Would you transcribe the records below exactly, omitting every picture?

» **DATA SUPPLIED**
<<<<
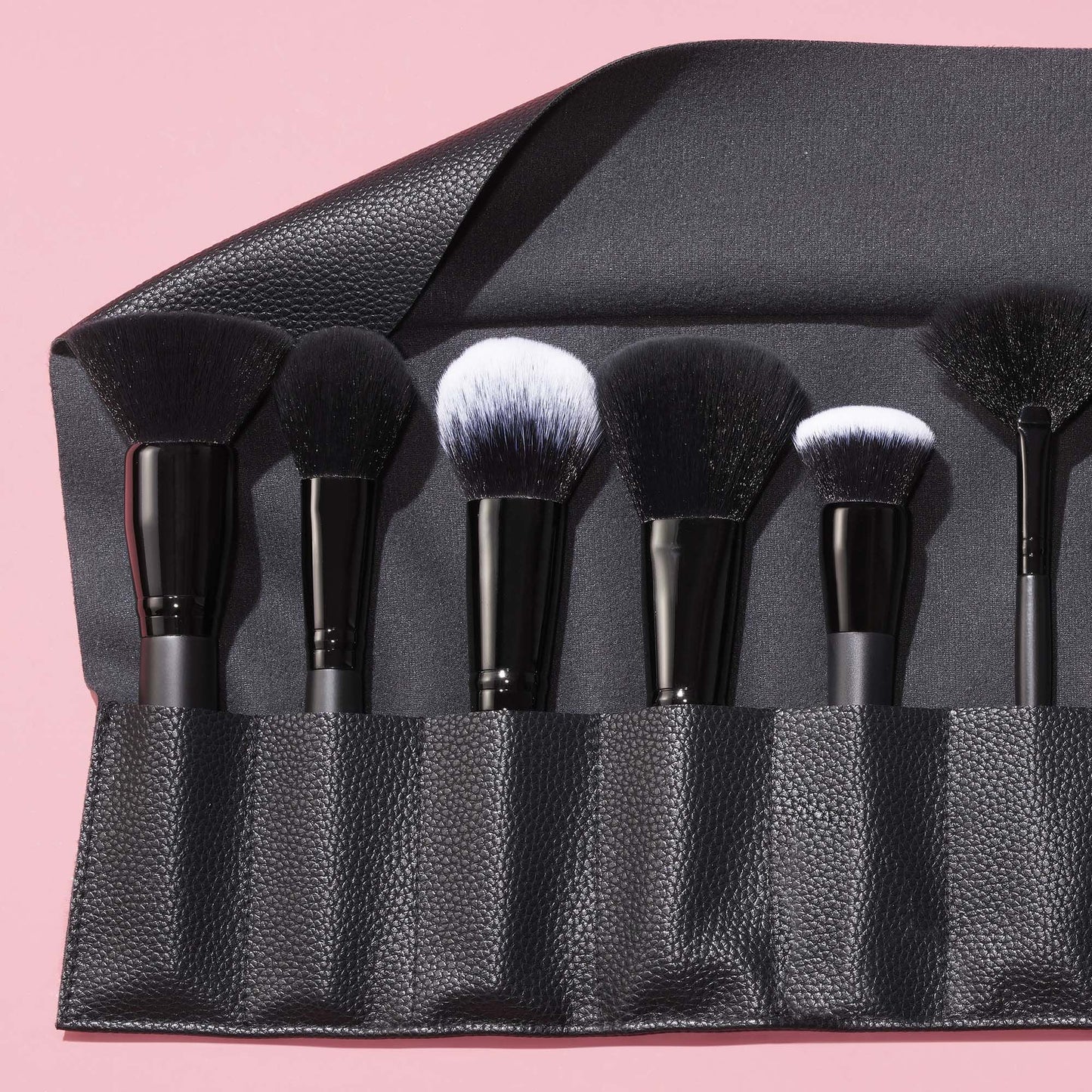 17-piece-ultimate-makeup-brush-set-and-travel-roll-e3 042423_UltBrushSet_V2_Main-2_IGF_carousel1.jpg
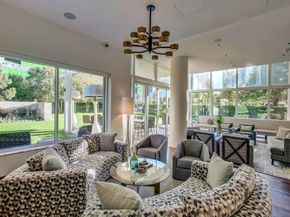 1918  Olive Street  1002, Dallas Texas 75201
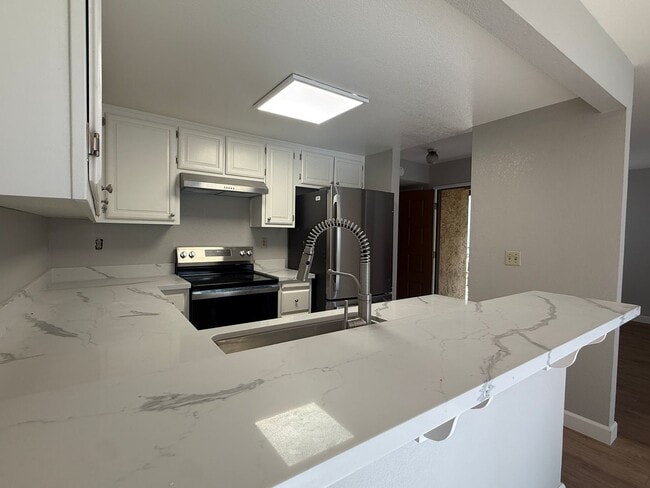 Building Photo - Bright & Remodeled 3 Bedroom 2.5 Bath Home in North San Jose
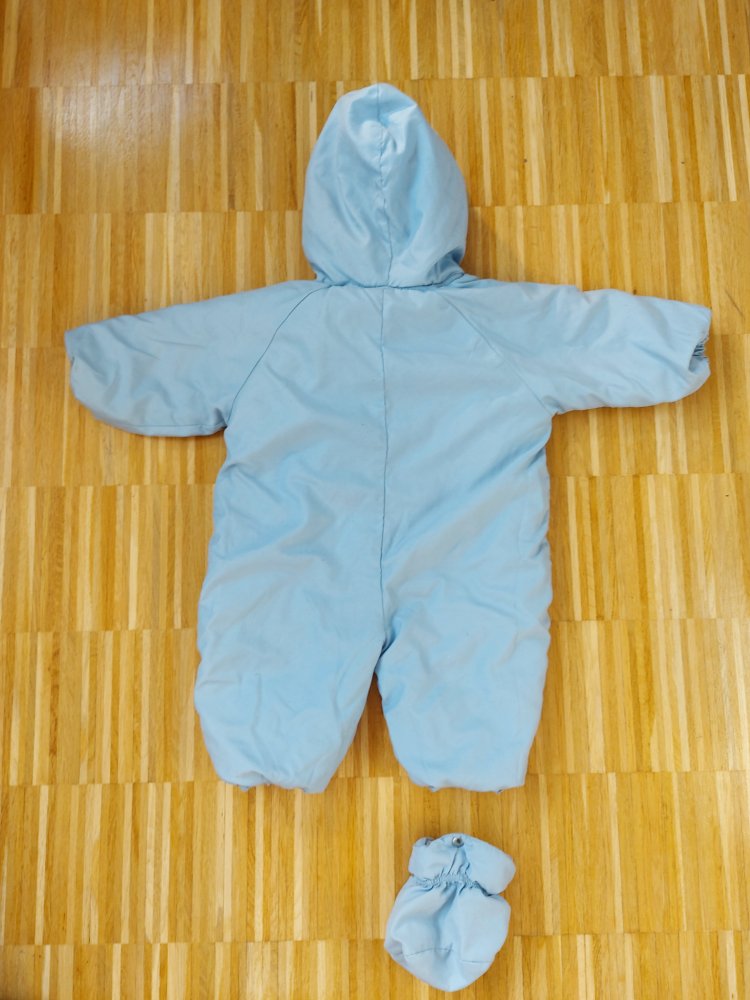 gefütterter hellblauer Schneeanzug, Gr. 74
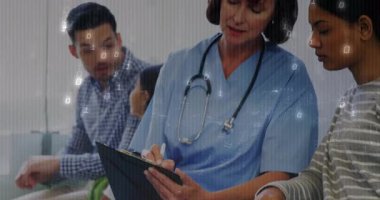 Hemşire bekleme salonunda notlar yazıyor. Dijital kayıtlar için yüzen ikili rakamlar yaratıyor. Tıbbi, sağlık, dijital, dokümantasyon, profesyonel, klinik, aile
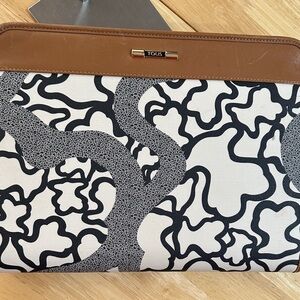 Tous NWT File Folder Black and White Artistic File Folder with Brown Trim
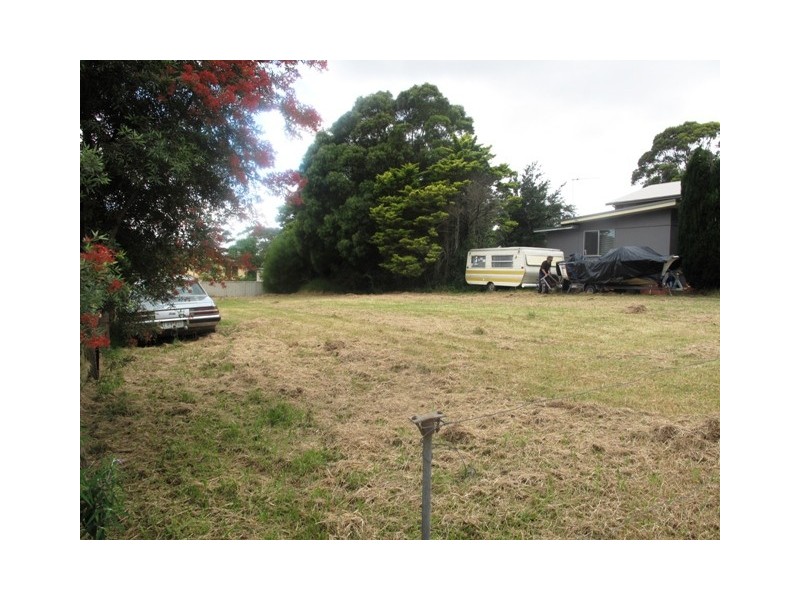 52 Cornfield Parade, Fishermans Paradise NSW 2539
>>>>
» **RESULT FOR THIS EXERCISE**
 17-piece-ultimate-makeup-brush-set-and-travel-roll-e3 042423_UltBrushSet_V2_Main-2_IGF_carousel1.jpg
 1918  Olive Street  1002, Dallas Texas 75201
 Building Photo - Bright & Remodeled 3 Bedroom 2.5 Bath Home in North San Jose
 gefütterter hellblauer Schneeanzug, Gr. 74
 Hemşire bekleme salonunda notlar yazıyor. Dijital kayıtlar için yüzen ikili rakamlar yaratıyor. Tıbbi, sağlık, dijital, dokümantasyon, profesyonel, klinik, aile
 Tous NWT File Folder Black and White Artistic File Folder with Brown Trim
 52 Cornfield Parade, Fishermans Paradise NSW 2539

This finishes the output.